__What you should do__
Starting with the line where "Bavlněná košile Weekend Max Mara EDUCATA" appears, print every line through the end of the entries below exactly as it stands, and leave out the pictures.

Crawled caption data:

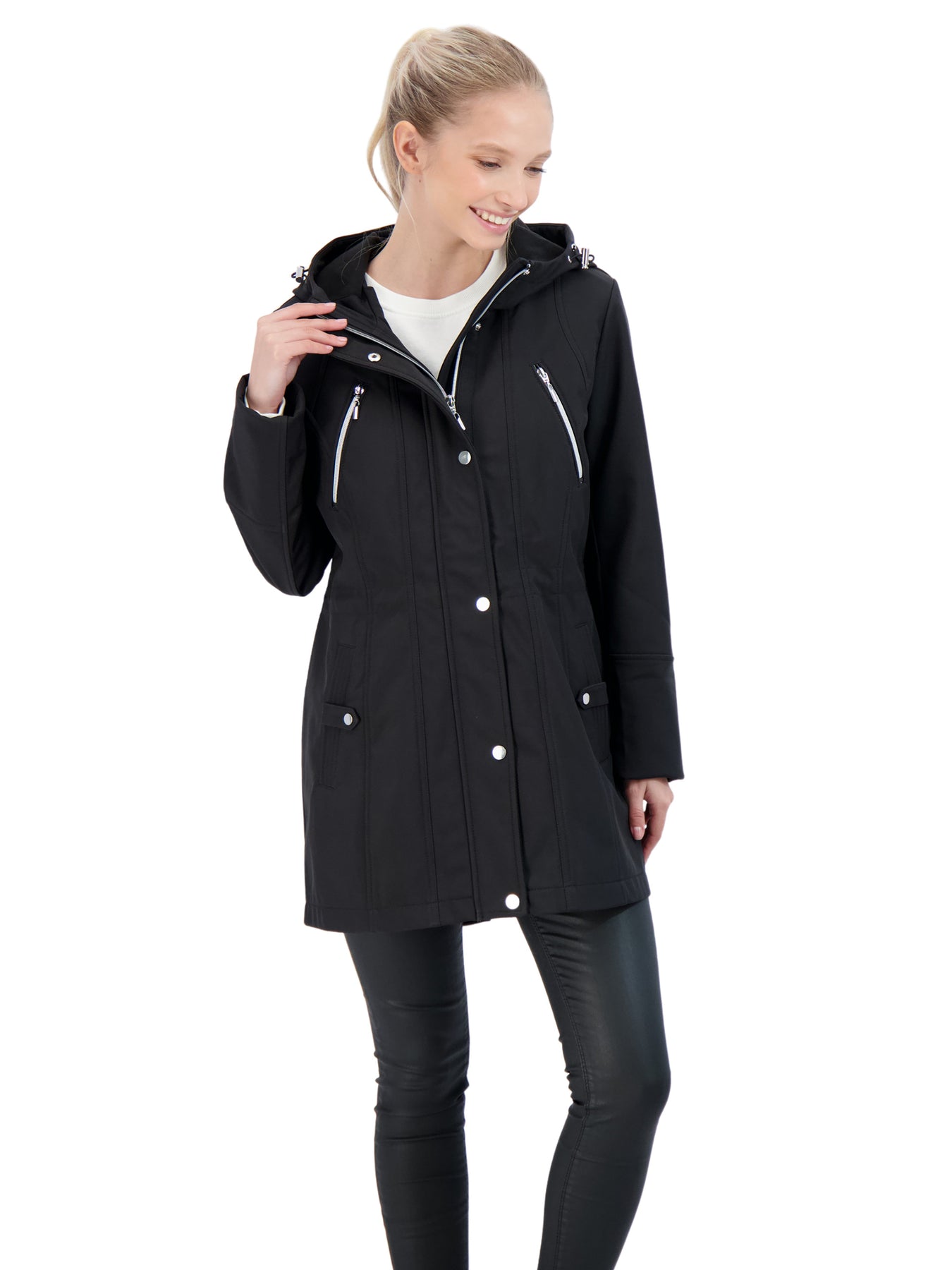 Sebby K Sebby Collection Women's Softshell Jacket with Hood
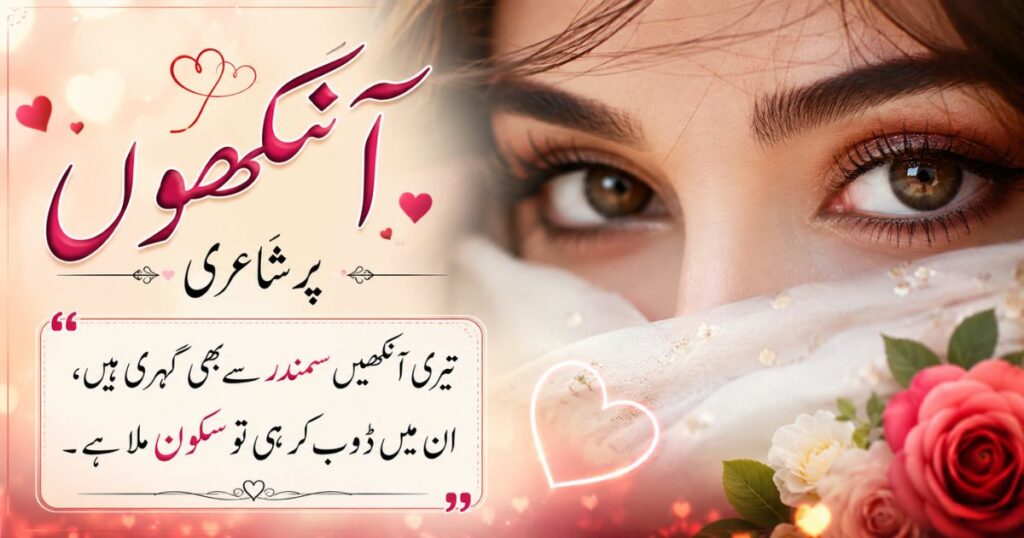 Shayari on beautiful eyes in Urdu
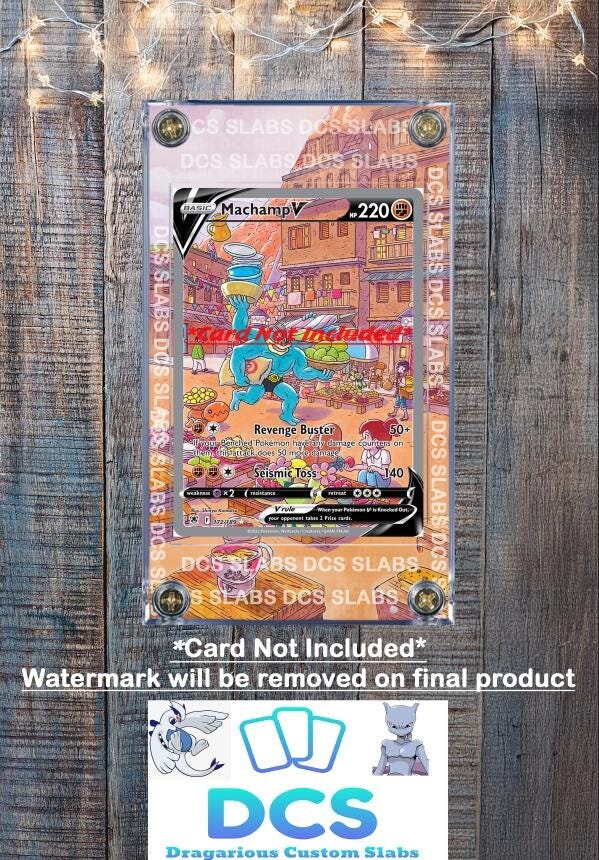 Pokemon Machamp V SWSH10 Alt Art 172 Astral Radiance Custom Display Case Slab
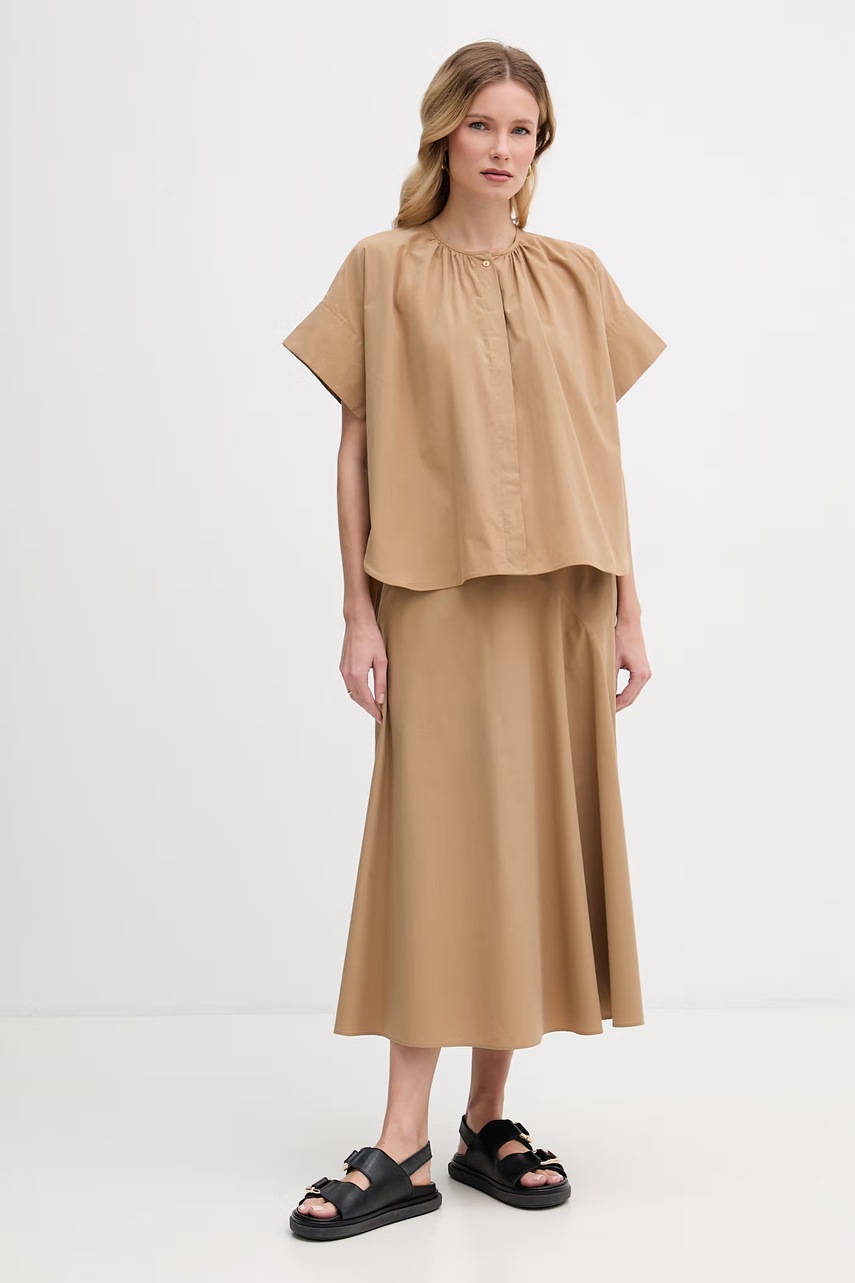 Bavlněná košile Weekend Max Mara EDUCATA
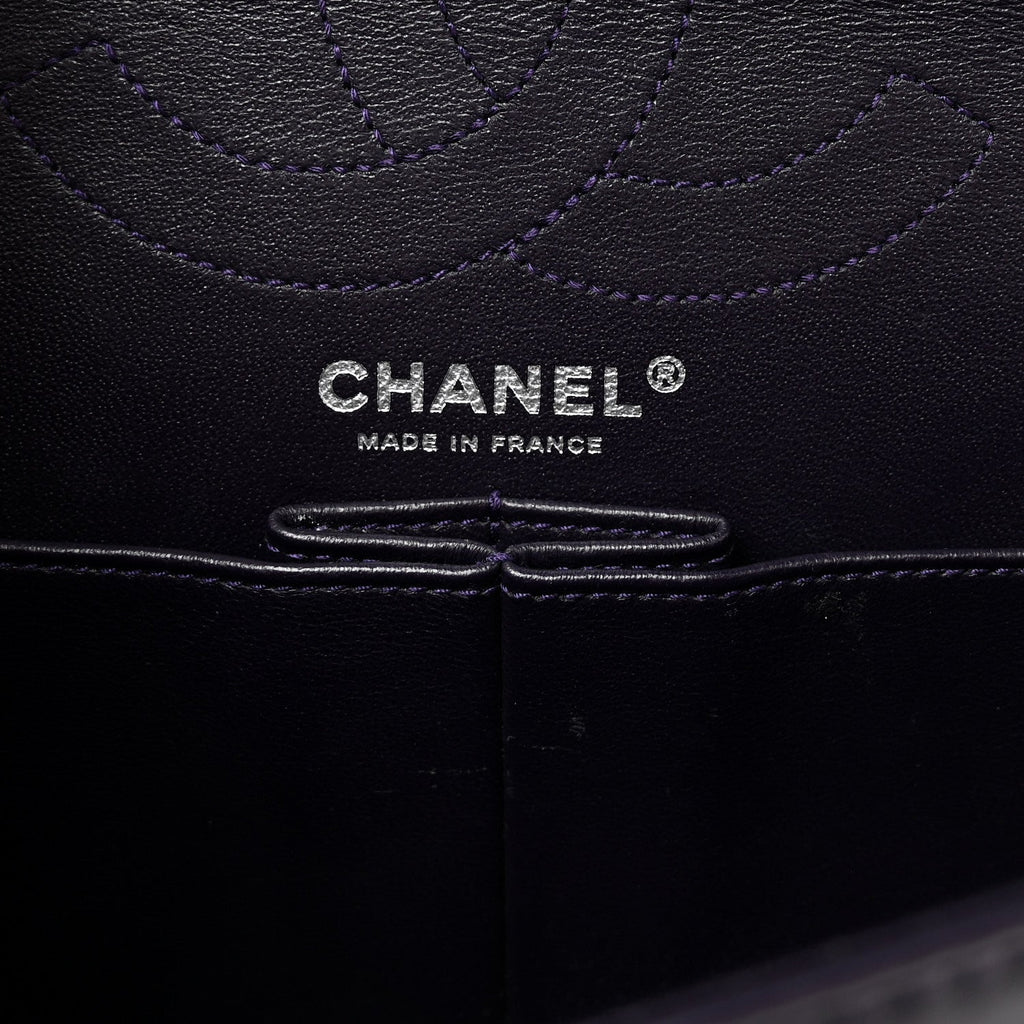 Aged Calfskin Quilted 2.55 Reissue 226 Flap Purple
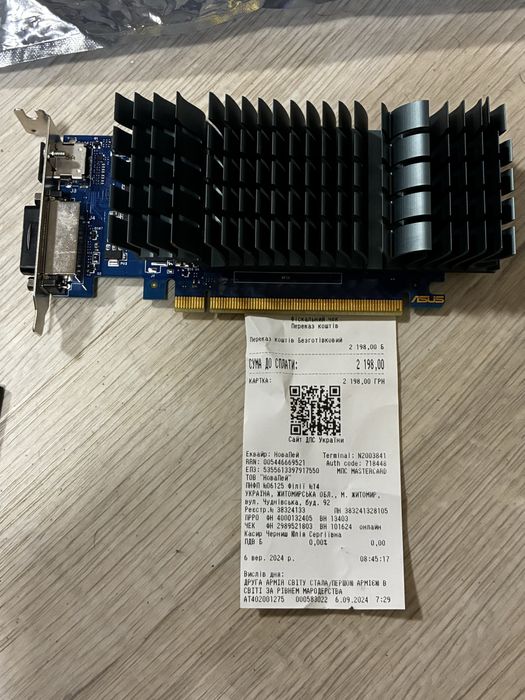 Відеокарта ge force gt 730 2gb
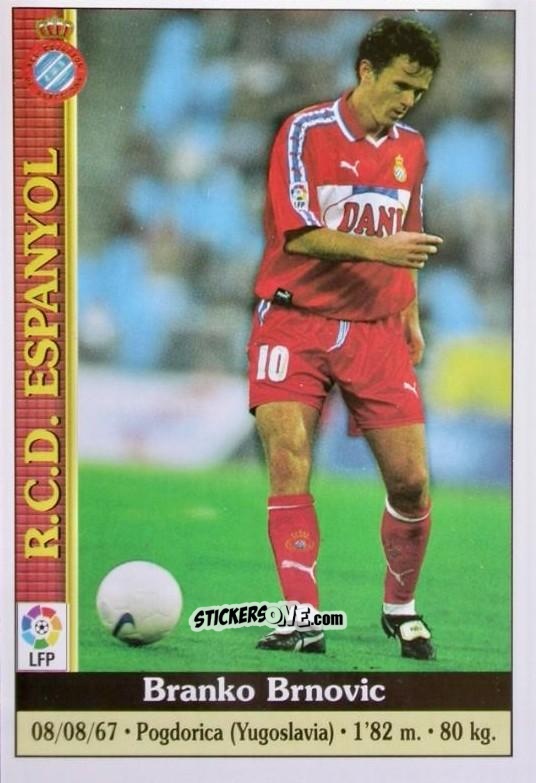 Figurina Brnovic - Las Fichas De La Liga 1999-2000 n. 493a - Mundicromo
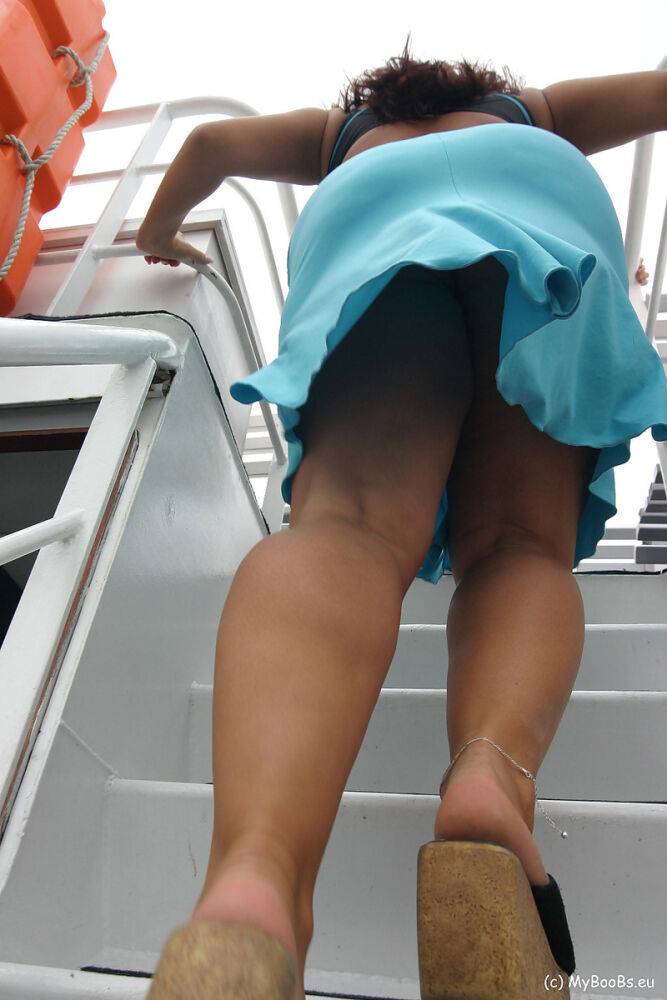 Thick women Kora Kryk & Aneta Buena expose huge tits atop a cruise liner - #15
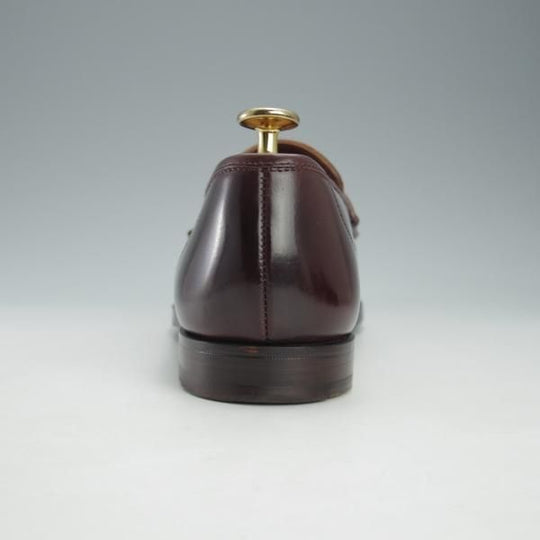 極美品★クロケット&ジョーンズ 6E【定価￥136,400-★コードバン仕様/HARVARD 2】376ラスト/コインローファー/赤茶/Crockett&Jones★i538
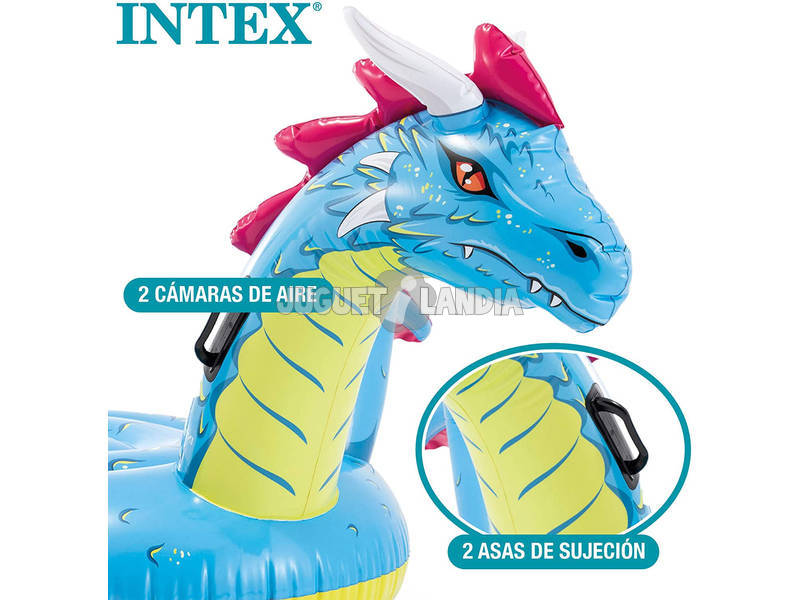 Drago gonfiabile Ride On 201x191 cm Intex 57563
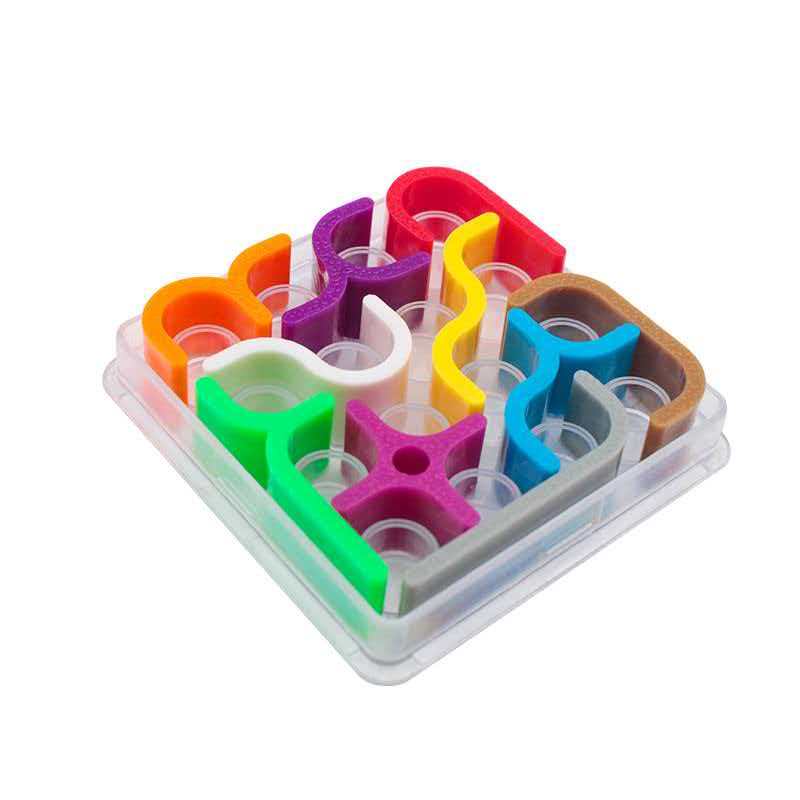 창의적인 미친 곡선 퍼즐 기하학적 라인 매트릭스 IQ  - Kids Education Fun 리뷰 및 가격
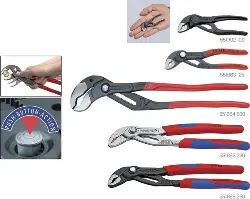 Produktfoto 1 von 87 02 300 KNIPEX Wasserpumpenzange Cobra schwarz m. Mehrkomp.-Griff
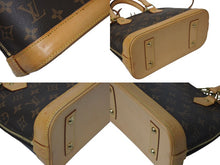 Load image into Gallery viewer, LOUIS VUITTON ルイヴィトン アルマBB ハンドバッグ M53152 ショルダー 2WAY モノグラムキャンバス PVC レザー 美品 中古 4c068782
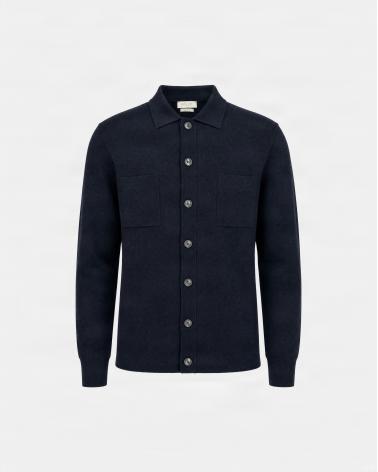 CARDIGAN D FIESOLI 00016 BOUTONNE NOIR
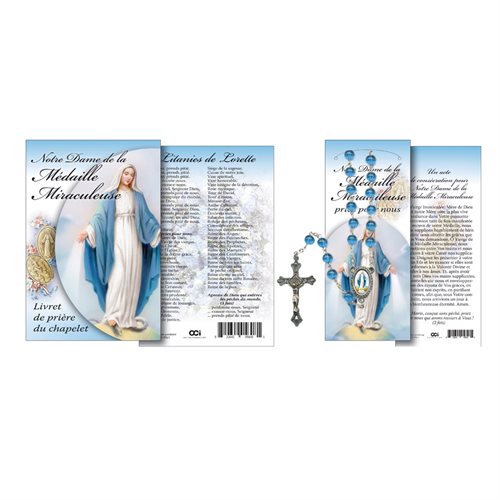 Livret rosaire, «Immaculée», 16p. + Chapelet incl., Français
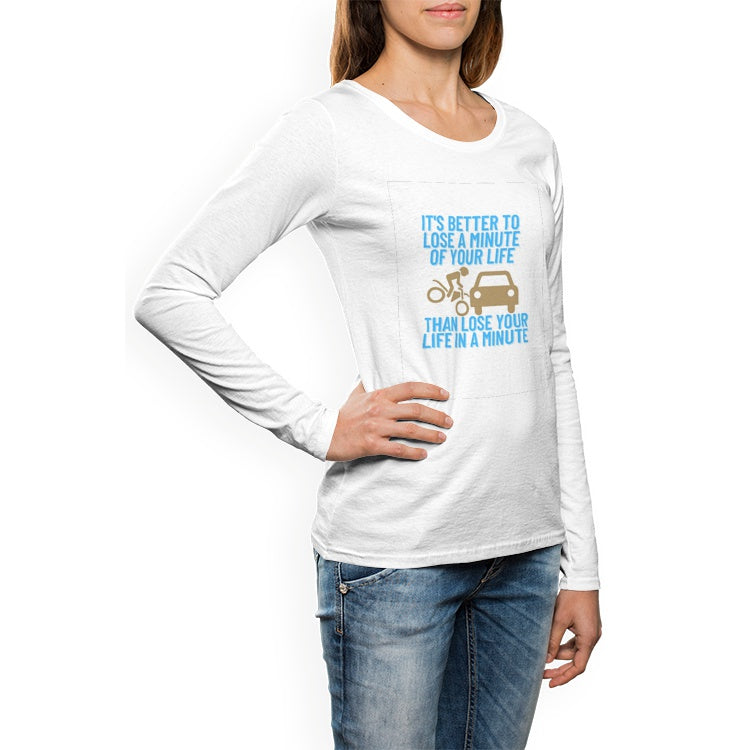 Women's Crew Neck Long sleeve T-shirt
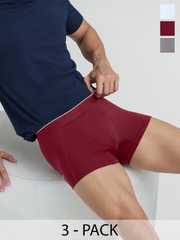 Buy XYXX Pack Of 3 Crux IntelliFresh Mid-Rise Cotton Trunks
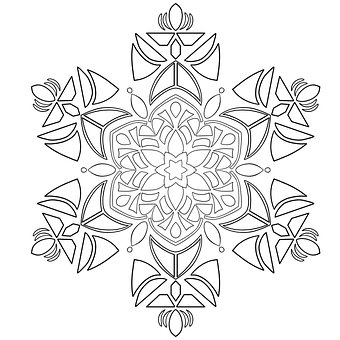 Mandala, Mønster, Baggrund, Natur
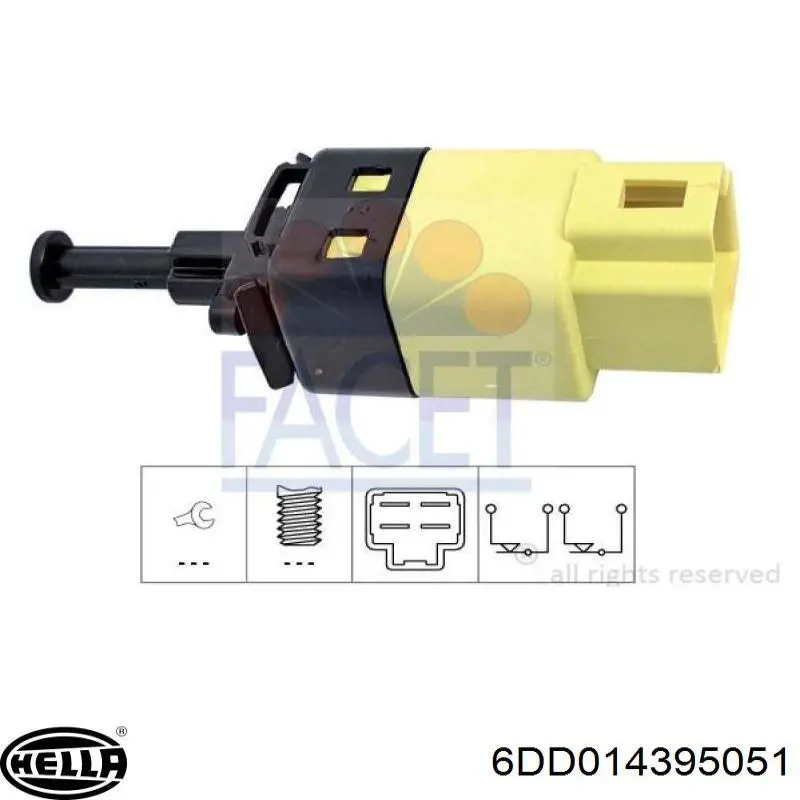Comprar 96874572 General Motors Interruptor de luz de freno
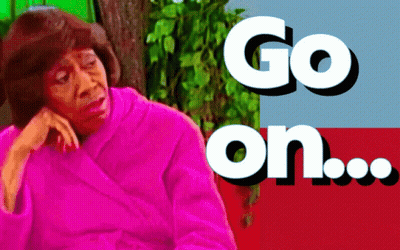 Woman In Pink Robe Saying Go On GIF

__Task output__
 Bavlněná košile Weekend Max Mara EDUCATA
 Aged Calfskin Quilted 2.55 Reissue 226 Flap Purple
 Відеокарта ge force gt 730 2gb
 Figurina Brnovic - Las Fichas De La Liga 1999-2000 n. 493a - Mundicromo
 Thick women Kora Kryk & Aneta Buena expose huge tits atop a cruise liner - #15
 極美品★クロケット&ジョーンズ 6E【定価￥136,400-★コードバン仕様/HARVARD 2】376ラスト/コインローファー/赤茶/Crockett&Jones★i538
 Drago gonfiabile Ride On 201x191 cm Intex 57563
 창의적인 미친 곡선 퍼즐 기하학적 라인 매트릭스 IQ  - Kids Education Fun 리뷰 및 가격
 Produktfoto 1 von 87 02 300 KNIPEX Wasserpumpenzange Cobra schwarz m. Mehrkomp.-Griff
 Load image into Gallery viewer, LOUIS VUITTON ルイヴィトン アルマBB ハンドバッグ M53152 ショルダー 2WAY モノグラムキャンバス PVC レザー 美品 中古 4c068782
 CARDIGAN D FIESOLI 00016 BOUTONNE NOIR
 Livret rosaire, «Immaculée», 16p. + Chapelet incl., Français
 Women's Crew Neck Long sleeve T-shirt
 Buy XYXX Pack Of 3 Crux IntelliFresh Mid-Rise Cotton Trunks
 Mandala, Mønster, Baggrund, Natur
Comprar 96874572 General Motors Interruptor de luz de freno
 Woman In Pink Robe Saying Go On GIF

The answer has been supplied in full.